O que penso sobre a vida eterna
Crônica de Divina de Jesus Scarpim – São Paulo/SP
Uma vez, já faz alguns anos, comecei a me perguntar de
quanto tempo eu precisaria para aprender todas as línguas, ler todos os livros,
conhecer todos os lugares, conversar com todas as pessoas, aprender e praticar
todas as profissões, todas as artes, todos os esportes. Achei que o tempo
seria muito longo, mas bem longe do infinito.
Além disso,
percebi que meus desejos estavam muito restritos. Afinal, aprender todas as
línguas que são faladas hoje seria aprender bem poucas línguas, comparando isso
à quantidade de línguas que já foram faladas.
Ler todos os
livros também tem restrições. Muitos já se perderam na história e muitos dos
que existem hoje eu não quero ler porque não prestam.
Conhecer todos
os lugares não significa conhecer todos os lugares porque cada lugar já foi
vários lugares e provavelmente será muitos outros ainda.
Para as pessoas
valem as mesmas restrições que apontei para os lugares e mais ou menos as
mesmas restrições dos livros: Cada pessoa é muitas pessoas ao longo do tempo,
tantas e tantas já morreram e tantas há que eu preferia não conhecer.
Aprender todas
as profissões parece legal, mas existem algumas que eu não gostaria de saber,
como a profissão de pastor evangélico, por exemplo.
Quanto às artes
e ao esporte não consegui pensar em nenhuma restrição, principalmente porque
alguns absurdos que uns ou outros chamam de arte ou de esporte não entrariam na
minha definição; como a "arte" de explorar pessoas e o "esporte"
da caça, por exemplo.
Daí que, diante
disso, concluí que para fazer tudo isso de maneira satisfatória eu precisaria
viajar no tempo para frente e para trás ao meu bel prazer. É certo que, dessa
maneira, eu "esticaria" bastante o tempo necessário para fazer tudo o
que eu queria, mas ainda assim esse tempo seria muito menor do que a
eternidade.
Nesse ponto
fiquei com dois problemas: O primeiro é a impossibilidade da viagem no tempo; o
segundo é o sem graça de estar sozinha.
Então pensei em
possíveis soluções para esses problemas: primeiro eu poderia viajar por planetas,
galáxias e universos e encontrar outras línguas, livros, lugares, pessoas,
profissões, artes e esportes que eu pudesse e quisesse conhecer e praticar.

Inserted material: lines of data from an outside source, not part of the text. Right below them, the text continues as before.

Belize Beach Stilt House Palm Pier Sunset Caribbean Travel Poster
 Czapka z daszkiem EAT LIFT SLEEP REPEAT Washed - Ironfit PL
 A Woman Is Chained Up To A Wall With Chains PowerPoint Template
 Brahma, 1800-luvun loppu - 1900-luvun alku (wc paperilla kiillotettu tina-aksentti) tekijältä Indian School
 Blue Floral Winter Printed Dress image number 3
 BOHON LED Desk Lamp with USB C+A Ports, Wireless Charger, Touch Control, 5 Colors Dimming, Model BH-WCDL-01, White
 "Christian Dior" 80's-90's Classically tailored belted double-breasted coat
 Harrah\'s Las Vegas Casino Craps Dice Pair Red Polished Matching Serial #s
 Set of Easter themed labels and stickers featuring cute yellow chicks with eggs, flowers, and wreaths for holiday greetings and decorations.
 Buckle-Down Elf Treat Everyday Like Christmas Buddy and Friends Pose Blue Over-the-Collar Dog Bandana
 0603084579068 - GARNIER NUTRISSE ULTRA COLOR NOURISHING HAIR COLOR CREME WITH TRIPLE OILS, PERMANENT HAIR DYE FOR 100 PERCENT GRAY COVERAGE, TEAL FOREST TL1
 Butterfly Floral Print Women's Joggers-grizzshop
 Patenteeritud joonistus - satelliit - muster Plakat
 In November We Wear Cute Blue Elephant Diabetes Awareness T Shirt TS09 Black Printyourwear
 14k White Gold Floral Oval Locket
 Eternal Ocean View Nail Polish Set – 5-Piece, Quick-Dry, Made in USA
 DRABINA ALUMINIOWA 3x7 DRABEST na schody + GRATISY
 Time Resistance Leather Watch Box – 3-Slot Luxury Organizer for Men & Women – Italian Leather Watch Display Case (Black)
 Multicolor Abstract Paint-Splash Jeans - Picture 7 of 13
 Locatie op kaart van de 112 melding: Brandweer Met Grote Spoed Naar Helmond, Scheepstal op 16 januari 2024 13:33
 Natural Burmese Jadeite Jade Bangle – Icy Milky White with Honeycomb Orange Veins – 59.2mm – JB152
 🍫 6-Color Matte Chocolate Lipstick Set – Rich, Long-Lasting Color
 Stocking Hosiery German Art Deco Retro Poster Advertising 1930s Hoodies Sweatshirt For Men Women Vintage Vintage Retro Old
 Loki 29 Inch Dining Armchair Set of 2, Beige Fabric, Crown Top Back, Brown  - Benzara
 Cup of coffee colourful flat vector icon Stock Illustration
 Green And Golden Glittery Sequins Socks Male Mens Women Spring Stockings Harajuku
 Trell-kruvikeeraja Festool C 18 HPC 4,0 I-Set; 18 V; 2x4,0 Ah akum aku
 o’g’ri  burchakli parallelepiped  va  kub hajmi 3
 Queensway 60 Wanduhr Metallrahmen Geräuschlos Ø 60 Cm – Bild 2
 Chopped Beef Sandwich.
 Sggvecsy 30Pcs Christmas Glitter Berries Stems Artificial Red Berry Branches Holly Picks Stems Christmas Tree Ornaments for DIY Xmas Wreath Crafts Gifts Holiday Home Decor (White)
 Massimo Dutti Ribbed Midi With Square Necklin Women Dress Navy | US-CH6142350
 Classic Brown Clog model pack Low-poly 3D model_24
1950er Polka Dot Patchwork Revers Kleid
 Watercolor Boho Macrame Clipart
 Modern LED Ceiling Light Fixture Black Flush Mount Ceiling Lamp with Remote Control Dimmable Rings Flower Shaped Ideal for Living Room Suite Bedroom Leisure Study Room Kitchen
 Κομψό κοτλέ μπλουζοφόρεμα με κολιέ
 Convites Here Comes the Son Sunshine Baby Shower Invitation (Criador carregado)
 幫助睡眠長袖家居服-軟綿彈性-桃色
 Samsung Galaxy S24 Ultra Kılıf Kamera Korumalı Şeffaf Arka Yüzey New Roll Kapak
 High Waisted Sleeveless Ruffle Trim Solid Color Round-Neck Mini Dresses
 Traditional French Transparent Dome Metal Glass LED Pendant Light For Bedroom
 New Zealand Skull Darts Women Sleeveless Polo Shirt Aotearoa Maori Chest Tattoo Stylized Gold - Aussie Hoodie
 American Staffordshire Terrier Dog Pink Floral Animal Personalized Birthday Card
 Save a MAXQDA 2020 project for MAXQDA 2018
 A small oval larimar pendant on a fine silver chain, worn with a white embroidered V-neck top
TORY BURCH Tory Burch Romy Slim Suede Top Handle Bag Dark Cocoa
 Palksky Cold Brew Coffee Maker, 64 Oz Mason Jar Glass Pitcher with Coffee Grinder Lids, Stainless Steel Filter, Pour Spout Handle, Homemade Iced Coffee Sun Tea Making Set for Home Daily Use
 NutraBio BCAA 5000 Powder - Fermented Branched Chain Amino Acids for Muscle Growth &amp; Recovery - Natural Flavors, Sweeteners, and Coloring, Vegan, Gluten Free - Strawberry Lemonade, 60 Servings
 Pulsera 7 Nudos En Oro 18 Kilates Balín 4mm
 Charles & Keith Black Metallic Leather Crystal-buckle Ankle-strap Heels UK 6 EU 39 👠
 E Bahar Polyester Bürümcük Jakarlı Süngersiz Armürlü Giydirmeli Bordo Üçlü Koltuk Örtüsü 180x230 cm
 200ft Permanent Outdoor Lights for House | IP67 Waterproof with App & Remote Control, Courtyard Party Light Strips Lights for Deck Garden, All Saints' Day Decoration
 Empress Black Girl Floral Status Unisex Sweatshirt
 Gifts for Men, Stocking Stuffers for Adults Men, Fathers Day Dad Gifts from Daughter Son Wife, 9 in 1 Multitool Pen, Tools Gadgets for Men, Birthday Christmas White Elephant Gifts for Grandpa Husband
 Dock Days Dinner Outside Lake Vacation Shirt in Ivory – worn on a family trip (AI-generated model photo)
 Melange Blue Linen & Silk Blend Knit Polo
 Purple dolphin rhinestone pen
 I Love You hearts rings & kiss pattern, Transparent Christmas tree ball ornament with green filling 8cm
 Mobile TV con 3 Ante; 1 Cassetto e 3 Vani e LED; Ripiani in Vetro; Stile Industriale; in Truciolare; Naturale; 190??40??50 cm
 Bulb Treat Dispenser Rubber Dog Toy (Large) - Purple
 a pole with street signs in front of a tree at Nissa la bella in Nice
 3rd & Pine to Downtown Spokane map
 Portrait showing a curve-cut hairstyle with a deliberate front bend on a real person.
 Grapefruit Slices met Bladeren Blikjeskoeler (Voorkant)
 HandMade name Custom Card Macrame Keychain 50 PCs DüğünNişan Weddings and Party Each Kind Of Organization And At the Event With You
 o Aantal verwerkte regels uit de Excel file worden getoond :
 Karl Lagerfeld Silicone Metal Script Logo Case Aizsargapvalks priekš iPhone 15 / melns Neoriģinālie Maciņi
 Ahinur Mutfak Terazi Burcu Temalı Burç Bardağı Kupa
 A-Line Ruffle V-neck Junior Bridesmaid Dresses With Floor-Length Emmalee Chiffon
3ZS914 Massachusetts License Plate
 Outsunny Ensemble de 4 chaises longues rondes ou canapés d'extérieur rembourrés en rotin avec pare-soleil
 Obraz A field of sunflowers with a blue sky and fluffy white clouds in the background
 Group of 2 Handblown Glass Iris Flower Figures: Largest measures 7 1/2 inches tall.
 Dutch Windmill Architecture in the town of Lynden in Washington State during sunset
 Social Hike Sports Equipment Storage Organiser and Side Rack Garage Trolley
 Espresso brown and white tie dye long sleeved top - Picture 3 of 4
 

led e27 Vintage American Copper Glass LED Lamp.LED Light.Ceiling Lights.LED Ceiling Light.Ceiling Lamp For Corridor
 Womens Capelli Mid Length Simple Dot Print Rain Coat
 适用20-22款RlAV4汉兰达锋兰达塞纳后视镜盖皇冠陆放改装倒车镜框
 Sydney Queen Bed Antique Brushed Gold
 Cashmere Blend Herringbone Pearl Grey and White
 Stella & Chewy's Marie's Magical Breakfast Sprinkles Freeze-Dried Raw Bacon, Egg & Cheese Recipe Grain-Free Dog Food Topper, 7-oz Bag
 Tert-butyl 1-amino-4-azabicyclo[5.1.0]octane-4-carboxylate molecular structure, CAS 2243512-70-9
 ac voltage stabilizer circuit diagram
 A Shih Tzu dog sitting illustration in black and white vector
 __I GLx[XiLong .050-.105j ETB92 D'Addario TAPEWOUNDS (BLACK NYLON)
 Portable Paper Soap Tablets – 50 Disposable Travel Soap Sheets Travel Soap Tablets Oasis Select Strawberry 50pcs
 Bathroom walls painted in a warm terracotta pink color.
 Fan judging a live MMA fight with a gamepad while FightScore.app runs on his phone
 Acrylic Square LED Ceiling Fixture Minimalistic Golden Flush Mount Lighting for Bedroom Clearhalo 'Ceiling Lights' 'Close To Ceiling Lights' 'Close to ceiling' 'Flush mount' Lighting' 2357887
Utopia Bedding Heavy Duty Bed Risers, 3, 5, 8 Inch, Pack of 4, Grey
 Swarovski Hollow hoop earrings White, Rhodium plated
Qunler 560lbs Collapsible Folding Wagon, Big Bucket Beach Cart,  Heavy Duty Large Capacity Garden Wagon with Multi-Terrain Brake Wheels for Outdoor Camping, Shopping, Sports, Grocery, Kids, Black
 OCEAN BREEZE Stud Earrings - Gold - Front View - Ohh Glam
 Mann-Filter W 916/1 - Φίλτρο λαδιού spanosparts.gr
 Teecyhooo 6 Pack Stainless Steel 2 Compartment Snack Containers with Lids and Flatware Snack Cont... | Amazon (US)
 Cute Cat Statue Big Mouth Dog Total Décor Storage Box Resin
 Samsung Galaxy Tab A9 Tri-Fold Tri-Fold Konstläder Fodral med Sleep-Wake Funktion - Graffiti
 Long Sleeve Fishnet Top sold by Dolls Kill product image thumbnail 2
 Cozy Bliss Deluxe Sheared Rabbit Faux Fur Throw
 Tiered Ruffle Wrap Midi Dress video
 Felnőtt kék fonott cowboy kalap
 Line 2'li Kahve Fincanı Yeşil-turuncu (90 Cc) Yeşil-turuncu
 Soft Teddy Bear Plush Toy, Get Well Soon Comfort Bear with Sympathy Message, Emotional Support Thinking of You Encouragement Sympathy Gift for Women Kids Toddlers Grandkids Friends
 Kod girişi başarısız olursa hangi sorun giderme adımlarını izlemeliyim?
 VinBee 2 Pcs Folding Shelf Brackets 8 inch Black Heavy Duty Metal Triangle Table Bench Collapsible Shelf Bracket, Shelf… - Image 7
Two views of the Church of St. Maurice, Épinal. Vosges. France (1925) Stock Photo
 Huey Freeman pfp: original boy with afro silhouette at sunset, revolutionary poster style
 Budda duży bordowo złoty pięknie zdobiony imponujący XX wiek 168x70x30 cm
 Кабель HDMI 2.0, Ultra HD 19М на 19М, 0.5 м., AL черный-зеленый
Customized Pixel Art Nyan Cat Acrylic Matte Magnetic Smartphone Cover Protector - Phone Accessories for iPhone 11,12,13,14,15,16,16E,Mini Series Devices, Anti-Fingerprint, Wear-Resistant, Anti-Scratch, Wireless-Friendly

Talvez cada um deles em número infinito.
Segundo eu
poderia também, nesses passeios, encontrar pessoas que têm os mesmos poderes
(ou desejos) que eu, e então não estaria sozinha.
Sobraram apenas
duas dificuldades insuperáveis: Primeiro: esse corpo que tenho não poderia
fazer isso e essa mente que tenho não existe sem ele.
Segundo: não há
como saber se existem outros lugares habitados e habitáveis em outras galáxias
ou outros universos; ou pessoas com os poderes que, até agora, só existem na
minha imaginação.
Diante dessas impossibilidades - embora
tenha certeza de que nessas condições eu aceitaria a vida eterna feliz da vida
- acho melhor ficar quietinha e morrer tranquila quando chegar minha hora.
Isso
porque, por mais terrível que me pudesse parecer - e nem parece tão terrível
assim -, a ideia de voltar a ser o nada que era antes do meu nascimento é para
mim milhões (ou uma eternidade) de vezes melhor do que qualquer uma das opções
de vida eterna que qualquer uma das religiões possa me oferecer.